On the block next door the street is lined with lovely palms, ficus and ferns and flowerboxes of colorful blooming shrubs and ornamentals. But past the quaint Caribbean shops on that section of Strand is the government parking lot – just beyond its fence are the ruins of a derelict house on an area covered with weeds.
“We want to reclaim the pride we had in having a beautiful community,” Devorath Elcock, Harborside secretary, said. “There are so many people feeling down, disregarded, and depressed. We felt it would be a good thing to have a bright spot to put a smile on the faces of residents and visitors. That was the impetus for our decision to adopt this spot.”
In March 2011, Harborside wrote to Department of Public Works Commissioner Darryl A. Smalls expressing an interest in sprucing up the area. August that year Harborside received permission from the Historic Preservation Commission (HPC) to erect the Rotary sign and plant flowers. Elcock, said they needed HPC approval because Christiansted Town is a Historic District.
Elcock said they got to work clearing brush and garbage and then planting flowers. Waste Management Authority provided a dumpster which the Rotarians promptly filled.
Cruzan Gardens donated yellow allamandas. They got some mulch from the Department of Agriculture and Home Depot also donated mulch. Joel Gumbs donated time, expertise, and a few hibiscus plants. Gallows Bay Hardware donated garbage bags. Generoso Miego volunteered with the site prep and planting and residents donated money to help with the project.
“This has been a public and private partnership,” Ben Mshila, New Vision chairman, said.
“While this has been a Harborside project, we have definitely been assisted by the community,” Elcock said. She said one of her most endearing experiences of the community's help was at a recent Jump-Up. “After I gave a boy my spiel about community pride and contributing, he pulled a crumpled dollar bill from his pocket and placed it in our donation bottle. I told him each time he passes the spot he can know that his dollar helped to make it beautiful.”
Phillip Peters, a car washer in government lot, said he is proud of his city as he helped Elcock sweep the street. “I like to see the place clean and looking nice,” Peters said.

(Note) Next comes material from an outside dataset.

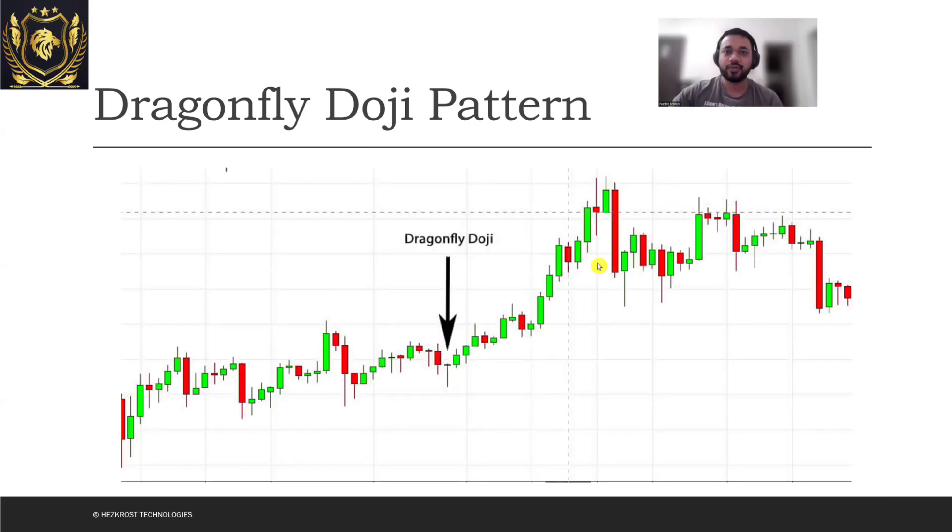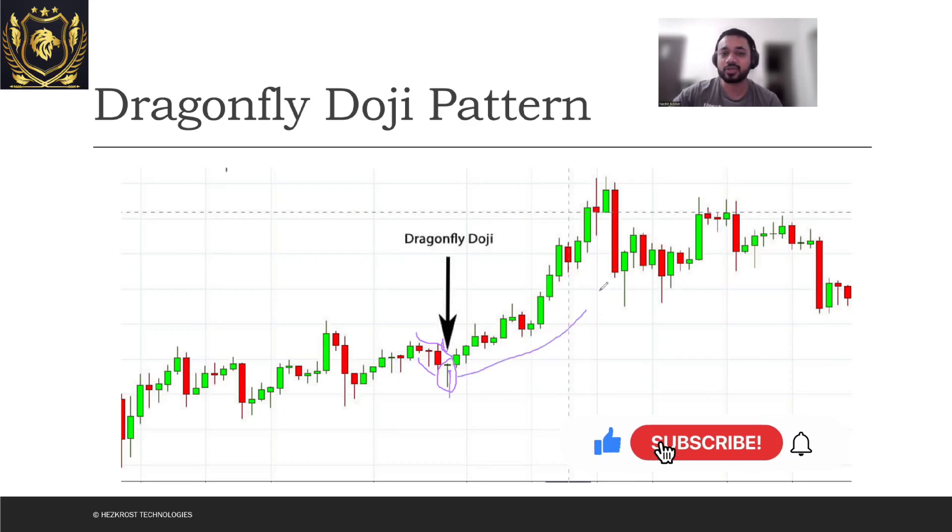Let's look at an example of the Dragonfly Doji on a chart. Here you can see the market was actually moving downward, but here's where there was a Dragonfly Doji. This particular Dragonfly Doji had its lower wick larger than its upper wick. The buyers overpowered the sellers at this point and tried to change the direction of the market. And here you can see that the price actually moved up from that point.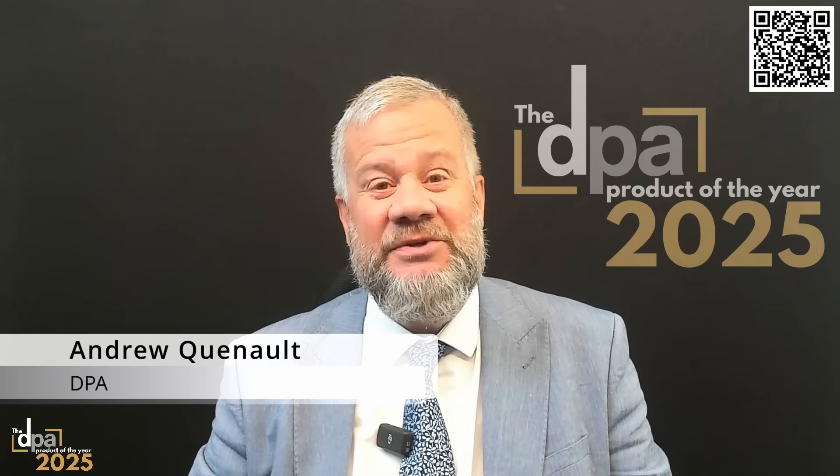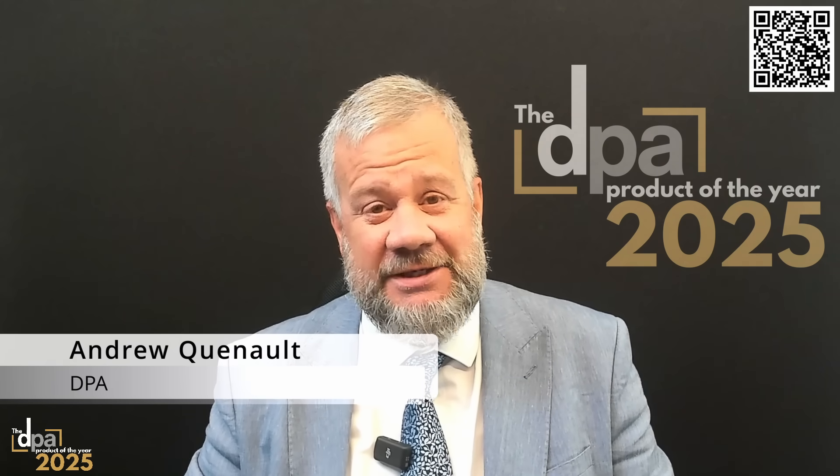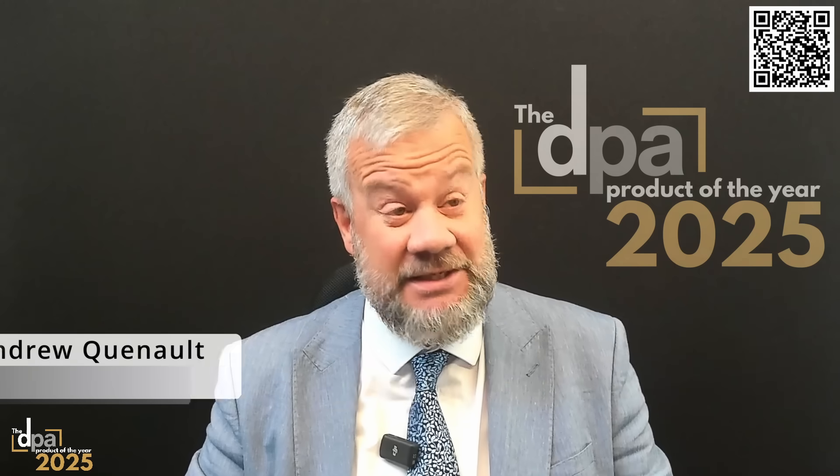Hello everybody and welcome to DPA Product of the Year. Today we're talking to Mr Aidan Aziz of Kempston Controls. He's going to tell us about the KCMA FDD arc fault detection device. Aidan, you have three minutes to demonstrate to our readers why they should think of your product as the product of the year. Over to you.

“It's my hope that other civic and community groups will adopt spots throughout the island to beautify our home,” Elcock said. “We put our sign up because a little awareness could help. We'd love to have more people join us to help make our community a peaceful and beautiful place.”
Elcock said around three months ago Tonni Christensen, a visitor from Denmark, passed by while she was working at the adopted spot and said the ruins were what was left of his great-great-grandmother's house. He said it was heartbreaking to see the house in ruins, but he was happy to see the Rotarians cleaning up the spot.
Elcock said the purpose of the Rotary club is to maintain a balance between providing service to others, receiving information supplied by speakers, maintaining camaraderie and fellowship within the club and providing enjoyment.
The Rotary Club of St. Croix-Harborside was chartered September 1996 and is the youngest of the four Rotary Clubs on the island of St. Croix. They meet every Wednesday at 5:30 p.m. on the second floor of the Fort Christian Brew Pub on the Christiansted Boardwalk.
Harborside has nine members and needs more members to be able to provide more for the community. “We are a small but very active club,” Elcock said.
Lionel Downer, Harborside president, said they take pride in their "can-do, hands-on" attitude. “The adopt-a-spot project is a clear example,” Downer said.